● The problem:
Exactly as written, please repeat the data that follows, but not the pictures.

● Collected material:
++++++

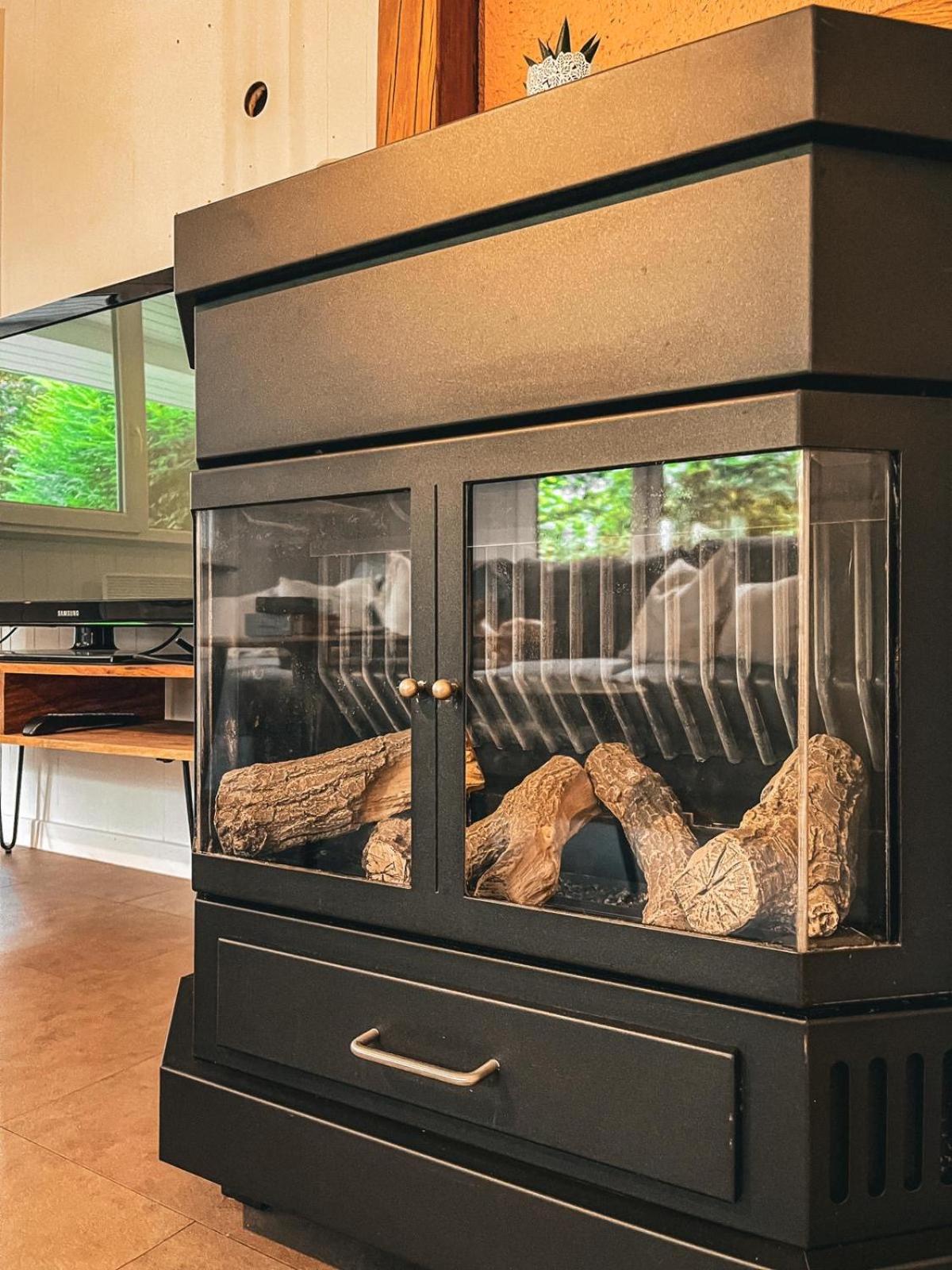 Le Chalet des amis 2 chambres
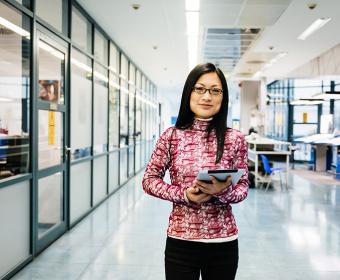 opportunities rest of the world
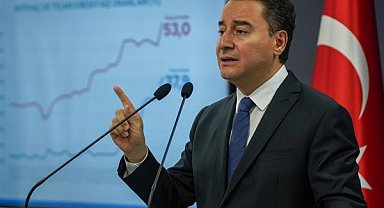 Babacan: Hayvan haklarını gözeten çözümler hayata geçirilmelidir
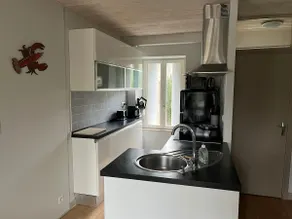 Apartment in the heart of the village - 4/6 people - Image 3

++++++

● Reply:
 Le Chalet des amis 2 chambres
 opportunities rest of the world
 Babacan: Hayvan haklarını gözeten çözümler hayata geçirilmelidir
 Apartment in the heart of the village - 4/6 people - Image 3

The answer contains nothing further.